In the morning, as I was packing up my tent, a man came up to me who I hadn’t seen on my rounds of the campsite the previous evening. He was a car camper; he said that he’d arrived late that night, started to back into my space, and stopped right before backing over my tent when he finally realized I was there. He had come over to scold me for not having reflective tape on my tent.

That conversation behind me, I walked up the village’s road to get croissants at le Relais Saint-Michel. I then returned to the trail, which headed roughly north­west through farmland, until it turned and headed north­east, along the route that I had originally expected it to follow.

On a one-lane paved road heading north-northwest, two small dogs are looking back at me.  To either side of the road are green fields.  Perhaps fifty yards ahead, A tall, trim hedge encloses the yard of a well-maintained house, with a tall tree leaning over from the other side of the road.  Trees grow near the house; in the far distance to the right is a tall stack of things that resemble wrapped bales of hay.  The sky is clear to the left, cloudy to the right.
As I approached the turn to the north­east, these dogs came out of the farm yard (ahead on the left) to bark at me escort me along my way.

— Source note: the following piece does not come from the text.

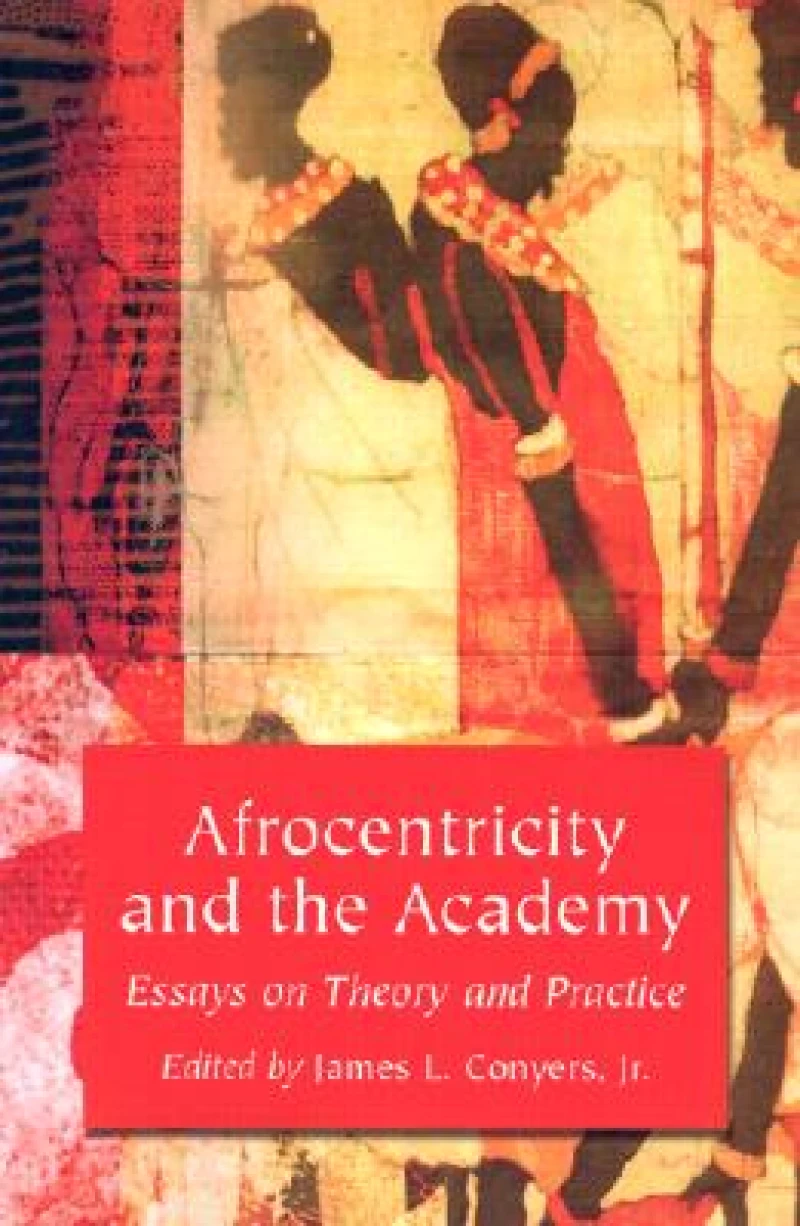Afrocentricity and the Academy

This was another hot day, much of it without much shade. I ate lunch by a stream at the village of Chennebrun, then continued on across more fields. There was finally some peaceful shade in the Bois de Saint-Christophe; soon, the trail crossed into the nearby Bois Francs. This one was weird; looking on the map, it appeared to have scores of vacation homes tastefully arranged around artificial lakes. The trail became wide and paved, suitable for bicycles, and there were quite a few apparent vacationers on beachcombers. The sky threatened rain at this point, though never managed more than a drop or two.

Eventually, the trail left the vacation woods, and I slogged across more fields, hammered by the sun, until I finally arrived in the town of Verneuil-sur-Avre.

To the north stand the remains of a stone building.  The only intact stones are at the bottom right; the rest of the structure is missing stones and might only be mortar, making it look as if it had melted.  It is only one or two stories tall.  There is a doorway, but it is partly blocked.  Tire tracks run through the grass past it; to the right and behind are trees.
One of the first things to greet me, as the trail entered the town, was this remnant of the town’s medieval defenses.

My plan had been to stay in a hotel in town, it being a day of personal significance; plus, the weather was hot and I was tired. I stopped at the cheap hotel nearest the trail … and they were full (!). So I called another hotel … full. Another: full. By this point, I had reached the town center; it was packed full of people, and the entire plaza in front of the church was full of parked cars.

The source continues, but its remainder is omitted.